The node allocated to our reservation can be found by looking at the assigned_hostnames
property of the oarstat output.
This will help us log into our resource during the next step.
Connecting to the reservation¶
Now that we have a resource reserved, we can connect to the node allocated and use it. This can be done using SSH:
[user@fluxembourg|~]$ ssh clervaux-11
user@clervaux-11:~$
You can also use the following command to get connected to the node:
[user@fluxembourg|~]$ oarsub -C
user@clervaux-11:~$
oarsub -C
will work only if you have one reservation currently ongoing at the moment. If you have several reservations running at the same time,oarsub
can't decide which node it will send you to, and it will ask you to enter the OAR Job ID like this:oarsub -C <jobid>
You should see that your prompt changed: it now displays the current Grid'5000 node on which you are logged.
Information about storage on Grid'5000¶
On Grid'5000 infrastructure, users have access to several means of storing their files. First, each user is allocated one homedir directory per site, with a 25GB soft quota (and 100GB hard quota). These homes are mounted by default on the nodes that are used by an experiment.

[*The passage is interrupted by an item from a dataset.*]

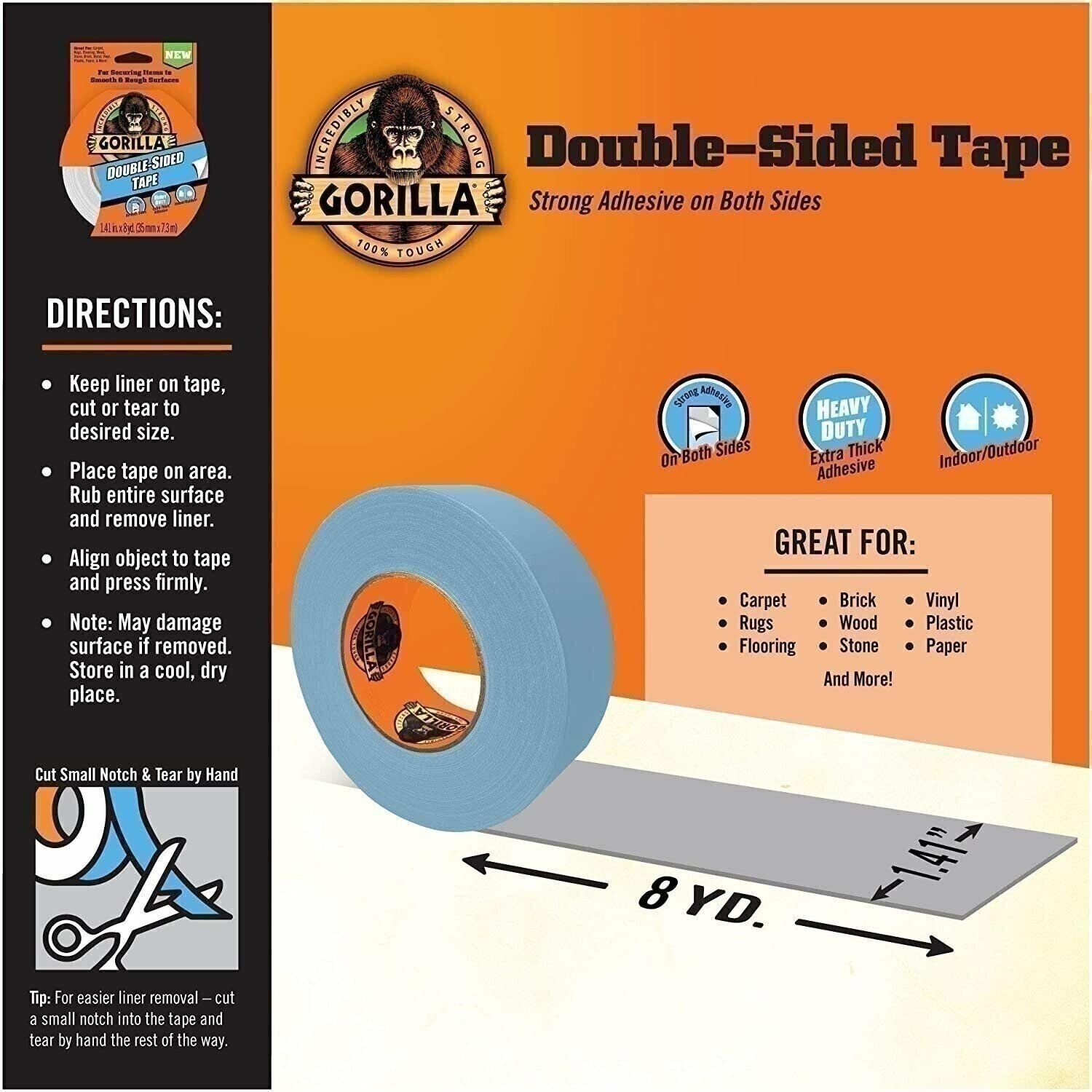 Gorilla doppelseitiges Klebeband, 1,41" x 8yd, grau, (1er-Packung), 100925 - Bild 4 von 8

Apart from this homedir mounted via NFS, computing nodes have their own filesystem on disk by default.
This means that if someone is writing files into /tmp
or /var
they are writing directly to the nodes' disk, thus having quicker IOs than if they were writing in their home via NFS.
However, disks are not persistent on Grid'5000, so any file written on a node's disk will be lost eventually.
Users still need to bring back their files to their home at the end of their experiment.
Finally, users can benefit from storage groups. Storage groups are big dedicated volumes located on NFS servers which volume is around several terabytes. These volumes can be associated with a dedicated user group, ensuring that only a subset of users are allowed to access.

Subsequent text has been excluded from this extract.